Continua la guerra “calcistica”

In quest’ultimo periodo il calcio internazionale ci ha fatto vivere dei momenti a dir poco terribili e vergognosi. L’ultimo evento che riguarda l’aggressione avvenuta in occasione della partita Italia-Serbia ne è l’emblema. Qualche tempo fa un nostro lettore ci aveva scritto di come i tifosi possano essere una “razza” particolarmente portata alla “guerra”. Una guerra   che loro si creano mentalmente durante un incontro calcistico.
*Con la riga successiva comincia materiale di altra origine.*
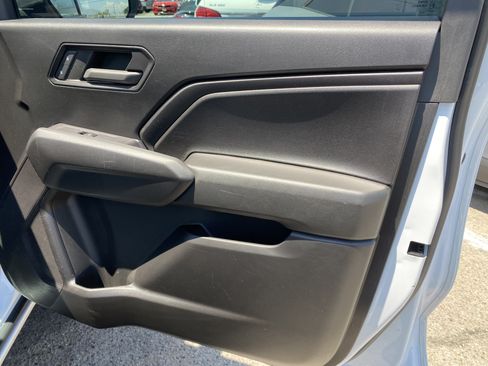 Used 2023 Chevrolet Colorado W/T RWD image 23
“Le partite sono scontri di nazionalismi, religioni, governi, regimi che si odiano, colluttazioni interetniche, interrazziali, interclassi sociali. Si vuole sempre vincere per qualcosa: altrimenti, perché voler vincere?”. Questo era quello che ci aveva scritto Tonino Greco qualche tempo fa e adesso non posso altro che dargli ragione. La guerra è davvero scoppiata, ci sono feriti, morti, gente che urla, che si dispera. Ma tutto questo per che cosa? Per 11 giocatori da una parte e altri 11 dall’altra che dovrebbero rappresentare la nazione o la città dei tifosi. Lo sport ha delle caratteristiche positive, la competizione è positiva, ma far diventare uno sport un evento bellico è assolutamente improponibile. Dobbiamo ricordare che i calciatori vengono pagati profumatamente nonostante la crisi economica che sta investendo l’Europa e tanti altri paesi del mondo. Permettiamo allo Stato di retribuire questi professionisti dello sport con degli stipendi assurdi e in più siamo pronti a far guerra agli altri pur di difenderli. Sarà forse colpa del patriottismo? Dell’idea di famiglia e del difenderla a spada tratta? Ma forse non si è capito che la famiglia da difendere è quella che trovi quando arrivi la sera a casa, alla fine di una giornata lavorativa: la famiglia che non potrà avere sussidi o la stessa istruzione che hanno avuto le famiglie del passato e che vive in un mondo dove calciatori, parlamentari e veline primeggiano e festeggiano non lasciando nemmeno le briciole alla gente comune.